**Required work**
Lines from the one with "厚岸24节气威士忌小满霜降小雪冬至谷雨雨水大暑大寒处暑" up to and including the one with "چرا ماشین ظرفشویی" are to be copied exactly from the records below, without their pictures.

**Excerpted records**
*-*-*

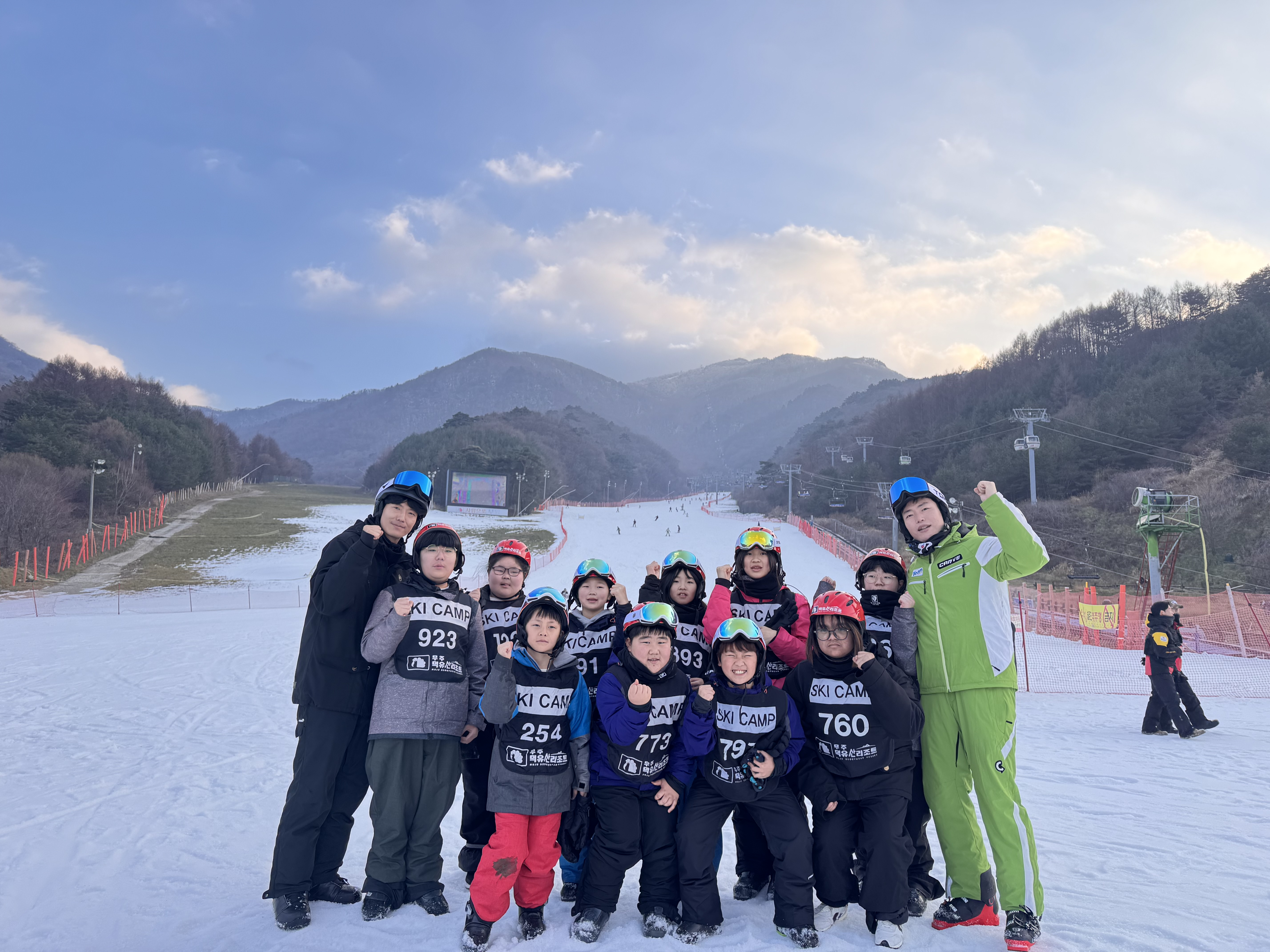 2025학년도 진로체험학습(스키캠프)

*-*-*

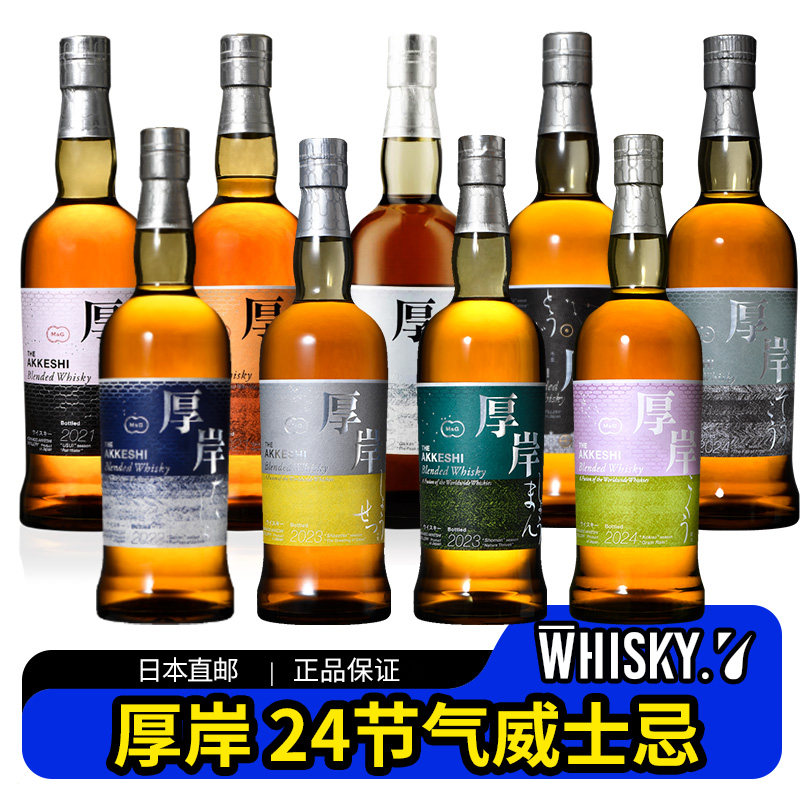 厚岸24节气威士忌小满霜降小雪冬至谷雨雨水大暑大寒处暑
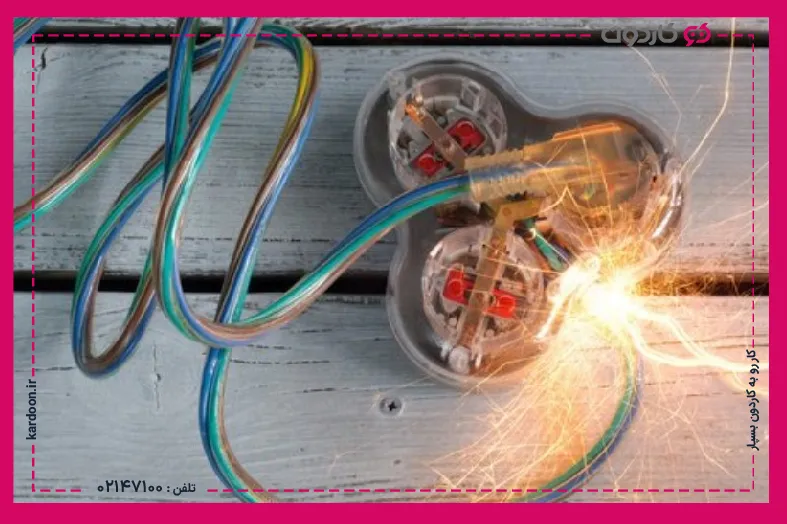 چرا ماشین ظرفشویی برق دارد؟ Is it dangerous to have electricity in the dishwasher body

*-*-*

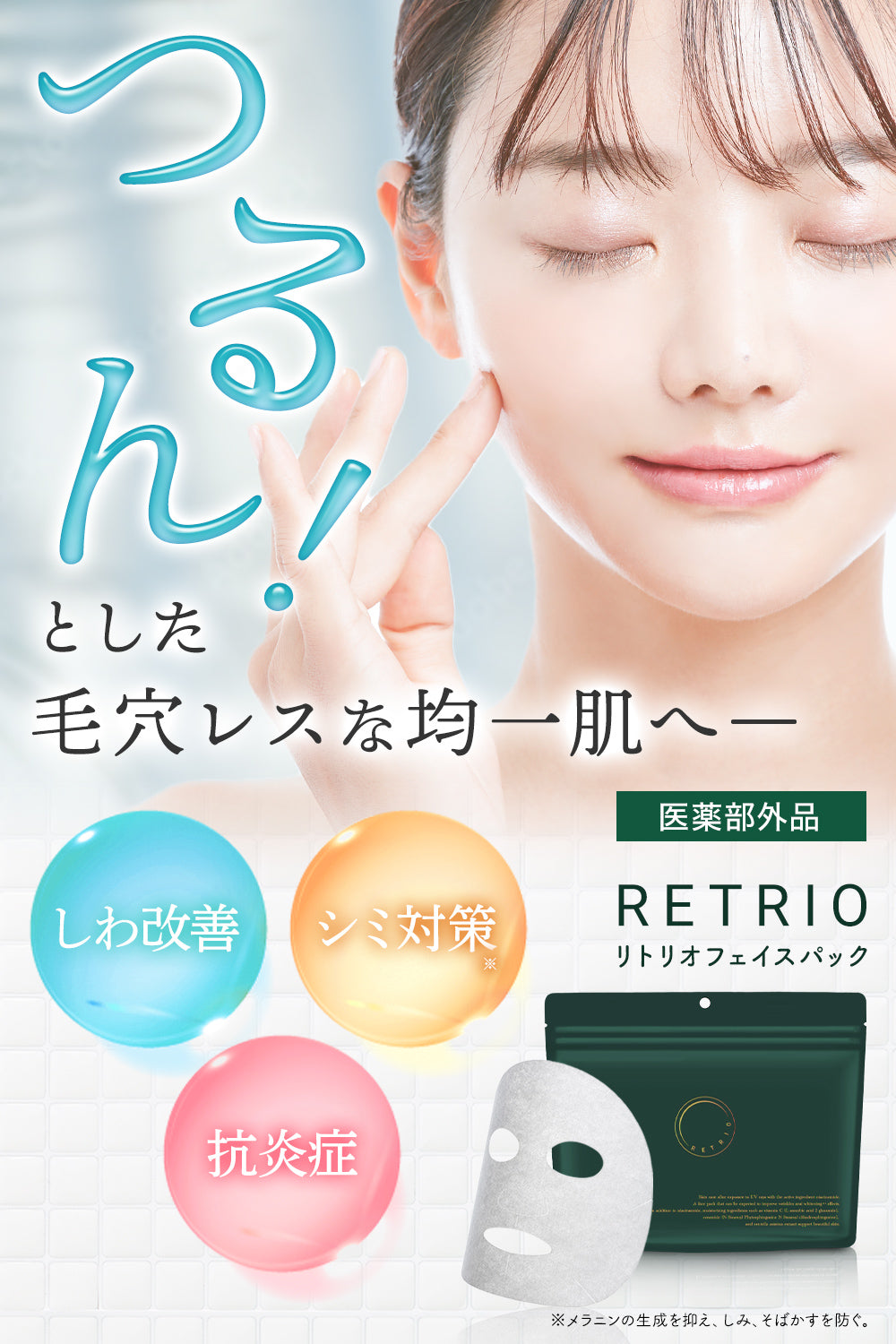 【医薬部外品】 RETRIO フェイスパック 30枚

*-*-*

**Answer box**
 厚岸24节气威士忌小满霜降小雪冬至谷雨雨水大暑大寒处暑
 چرا ماشین ظرفشویی برق دارد؟ Is it dangerous to have electricity in the dishwasher body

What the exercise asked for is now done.